When he was born, they put him right on to me without cleaning him off or anything. I held him for a minute and got vernix all over me. Then they took him over to the corner to check him out. I have no idea when they cut the cord and neither does Jeremy. A male pediatrician magically materialized out of nowhere to check out the baby, but the nurses had pulled the privacy curtain around me so I never saw him and he never saw me. I just heard his voice and saw his signature on some documents later.

This could be the end of this birth story, except: stitches. Without adequate anesthetic. Yeah. I held my stuff together way better during labor than I did while getting stitched up.

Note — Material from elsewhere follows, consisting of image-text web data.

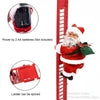 Electric Climbing Ladder Santa Claus Doll with Music, Christmas Tree Hanging Decorations, Christmas Decoration, Kids Xmas Gifts
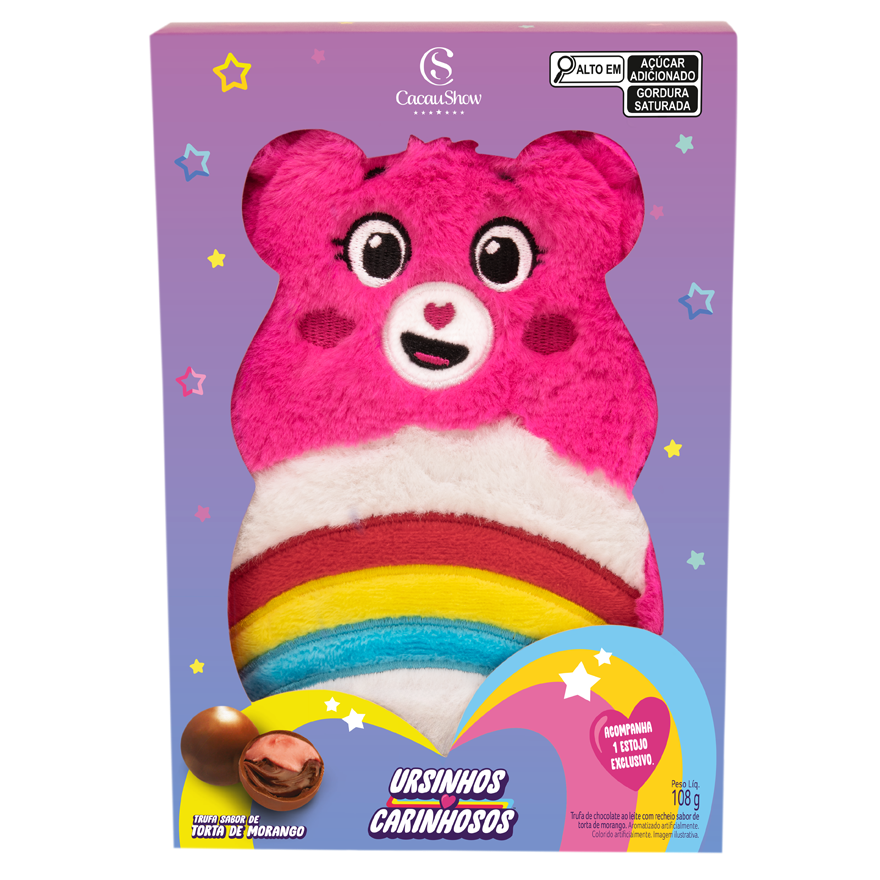 Estojo Ursinhos Carinhosos Ursinha Animadinha 108g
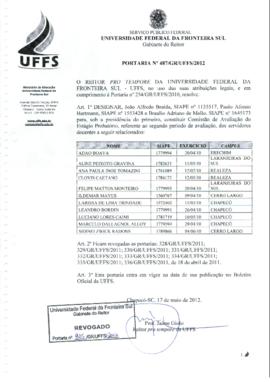 Portaria 487-GR-2012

At last at last, we were all tidied up, baby and me. The staff left us alone for about an hour. Jeremy and I took some pictures and talked about what we were going to name the baby now that we had seen him (and now that we couldn’t put it off any longer). In the meantime, since we hadn’t given the staff a name for the baby at birth, he was called “Baby of Bridget” on all the documents, which I think is kind of awesome.

I’ll save UAE vs. USA birth analysis particulars for another post. Location/culture aside, however, on paper this birth appears to be very similar to Magdalena’s. And maybe it was – drug-free, starting with water breaking followed shortly by the onset of contractions, and lasting about 9 hours (Magdalena) and 10 hours (Sterling, unless you count the 7 hours of contractions from the night before, and maybe I do?).

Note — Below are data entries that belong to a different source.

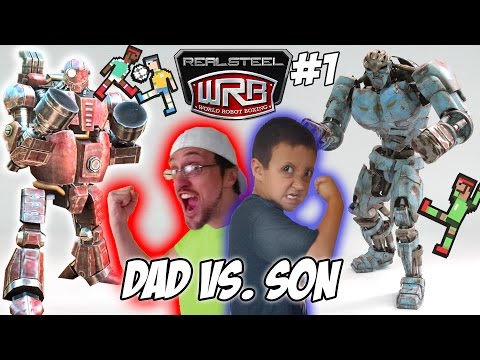 Dad vs. Son!  Real Steel World Robot Boxing! Fatboy & Ambush Multiplayer WRB Gameplay | FGTEEV #1 - UCC-RHF_77zQdKcA75hr5oTQ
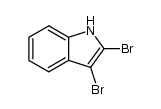 2,3-二溴-1H-吲哚 结构式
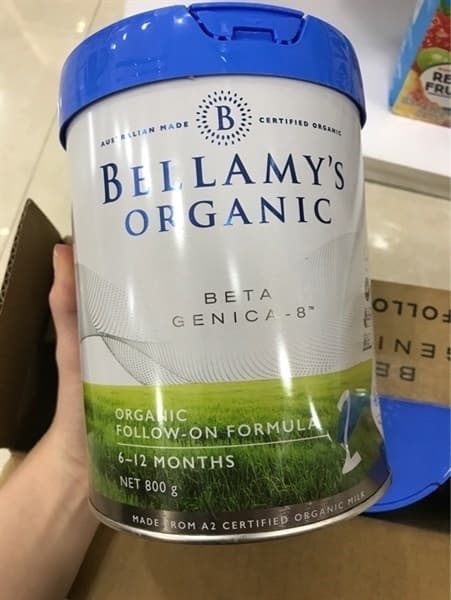 Sữa Bellamy Organic A2 số 2 (800g)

But in emotion and feel, it could hardly have been more different. After Magdalena was born, I remember this transformative feeling of “I did it!” After Sterling was born, all I could think was, “it’s over.” It was a much more visceral experience, rather than beautiful. I felt managed, rather than in charge. And it’s taken some getting over, and will probably take some more.

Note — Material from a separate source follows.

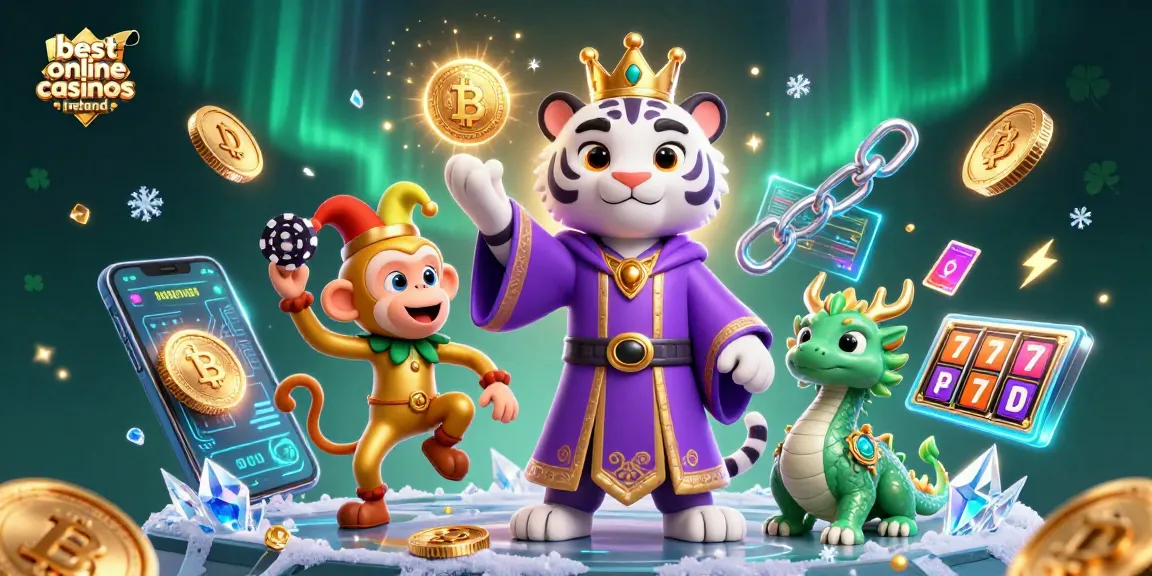 Experience excitement at the best online casinos Ireland with vibrant gaming elements and engaging characters.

The Sasha 3.0 soundtrack winner was probably the music from The Virgin Queen, because it has some funky, upbeat tracks that picked me up when I needed it. But the refrain from Titanium got stuck in my head for a lot of the end of labor: “fire away, fire away,” over and over again.

I'm thankful things went as well as they did. I'm thankful Sterling is here and we're both safe and sound. I hope the tone of this birth story doesn't obscure those facts. I've written about it the way I feel about it. It might take on a rosier tone in the future. But if not, that's ok.